Vodafone Germany announces €2 billion broadband acceleration plan
By Ian Scales
Sep 11, 2017
- €2 billion extra to be spent on passive fibre build (and associated costs)
- Vodafone is touting gigabit services in three separate schemes
- Is offering capital cost-sharing and success-based profit sharing to rope in partners
Vodafone Germany says it’s going to invest around €2 billion extra on ultrafast fibre broadband in Germany (above what it was already planning) by the end of 2021. The accelerated fibre plan appears to be a response to heightened competition to bag an extensive fibre broadband footprint in Germany, spurred on by the perceived fibre tardiness of Deutsche Telekom which has placed a major bet on an alternative broadband access technology - vectored DSL - to reuse its sunk investment in the copper access network.
Today’s announcement highlights the fact that even operators with their roots in mobile know with increasing certainty that 5G alone won’t be enough. Owning fibre infrastructure will be key to feed high-speed data to and from their radio endpoints. Also, in both business and domestic markets, 5G or not, customers will likely continue to rely heavily on fixed broadband - not least to use public spectrum to augment licenced services indoors.

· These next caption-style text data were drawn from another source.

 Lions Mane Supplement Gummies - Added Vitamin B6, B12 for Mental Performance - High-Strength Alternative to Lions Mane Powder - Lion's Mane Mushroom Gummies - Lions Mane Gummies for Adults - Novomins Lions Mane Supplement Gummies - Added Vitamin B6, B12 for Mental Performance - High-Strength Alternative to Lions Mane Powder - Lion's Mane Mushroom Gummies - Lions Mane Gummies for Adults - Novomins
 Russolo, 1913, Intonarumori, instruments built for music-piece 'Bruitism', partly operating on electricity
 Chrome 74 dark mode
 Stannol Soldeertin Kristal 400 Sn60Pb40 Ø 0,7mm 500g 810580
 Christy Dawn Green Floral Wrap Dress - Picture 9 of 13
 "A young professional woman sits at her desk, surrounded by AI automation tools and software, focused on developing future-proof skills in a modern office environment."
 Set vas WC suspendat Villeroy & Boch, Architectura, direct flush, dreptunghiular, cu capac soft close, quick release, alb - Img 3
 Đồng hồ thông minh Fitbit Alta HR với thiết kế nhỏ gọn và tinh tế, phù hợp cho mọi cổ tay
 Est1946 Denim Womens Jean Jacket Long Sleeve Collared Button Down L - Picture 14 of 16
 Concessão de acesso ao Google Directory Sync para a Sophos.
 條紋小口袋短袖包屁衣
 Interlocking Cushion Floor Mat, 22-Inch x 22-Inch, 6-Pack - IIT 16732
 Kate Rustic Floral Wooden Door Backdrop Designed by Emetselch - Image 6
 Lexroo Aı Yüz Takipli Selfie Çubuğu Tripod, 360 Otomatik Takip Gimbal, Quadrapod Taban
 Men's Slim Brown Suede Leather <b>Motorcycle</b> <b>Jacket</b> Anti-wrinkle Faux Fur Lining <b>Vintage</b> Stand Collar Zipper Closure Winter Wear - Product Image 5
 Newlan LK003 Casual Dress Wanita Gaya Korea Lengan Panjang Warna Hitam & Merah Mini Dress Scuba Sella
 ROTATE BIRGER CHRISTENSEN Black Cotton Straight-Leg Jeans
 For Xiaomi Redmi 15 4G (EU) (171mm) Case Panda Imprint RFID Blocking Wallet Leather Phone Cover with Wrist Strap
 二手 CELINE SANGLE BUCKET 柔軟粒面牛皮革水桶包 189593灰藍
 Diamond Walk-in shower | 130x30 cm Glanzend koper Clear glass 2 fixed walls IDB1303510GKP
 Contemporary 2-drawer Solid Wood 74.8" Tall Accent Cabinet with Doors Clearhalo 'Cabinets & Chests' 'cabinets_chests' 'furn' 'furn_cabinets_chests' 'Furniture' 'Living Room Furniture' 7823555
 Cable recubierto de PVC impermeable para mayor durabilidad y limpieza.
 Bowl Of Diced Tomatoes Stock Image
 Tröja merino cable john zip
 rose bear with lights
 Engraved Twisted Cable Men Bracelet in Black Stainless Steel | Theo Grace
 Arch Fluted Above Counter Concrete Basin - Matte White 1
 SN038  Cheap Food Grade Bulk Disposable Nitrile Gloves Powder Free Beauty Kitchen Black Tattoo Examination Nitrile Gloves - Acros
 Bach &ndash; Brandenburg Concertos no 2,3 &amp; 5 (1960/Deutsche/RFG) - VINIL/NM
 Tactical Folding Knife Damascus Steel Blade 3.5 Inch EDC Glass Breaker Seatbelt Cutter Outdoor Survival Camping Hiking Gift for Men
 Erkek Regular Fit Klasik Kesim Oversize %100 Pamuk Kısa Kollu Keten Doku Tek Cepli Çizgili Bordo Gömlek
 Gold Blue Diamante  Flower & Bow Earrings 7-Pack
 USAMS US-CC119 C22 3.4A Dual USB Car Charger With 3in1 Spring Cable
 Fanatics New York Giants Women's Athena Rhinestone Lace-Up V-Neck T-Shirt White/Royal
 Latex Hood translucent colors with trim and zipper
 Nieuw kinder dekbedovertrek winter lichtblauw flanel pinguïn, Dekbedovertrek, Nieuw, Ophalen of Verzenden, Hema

Vodafone has a long-standing masterplan to become a converged operator (fixed broadband and mobile) in Europe. In Germany it acquired German cable operator Kabel Deutschland, in 2013 for $10 billion, and three years ago it purchased Spanish fixed broadband and pay-TV operator Ono for €7.2bn, a deal it said was complementary to its already ongoing FTTH programme there.
The €2 billion boost in Germany will fund what Vodafone Germany is calling its ‘Gigabit Investment Plan’, which sets out to deliver 13.7 million Gigabit connections for both consumers and businesses. At present 25 per cent of Germany’s broadband connections are below 50 Mbit/s and only 2 per cent at the gigabit level although it says the numbers show this is changing fast as businesses scramble to take up gigabit services.
To get itself into the desired position Vodafone is sharing risk and upfront capital costs (where it can) with partners and hopes to ink multiple deals such as that recently concluded with fibre-to-the-premises specialist Deutsche Glasfaser, under which it will reach 19 of Düsseldorf’s industrial and commercial business parks by early 2018.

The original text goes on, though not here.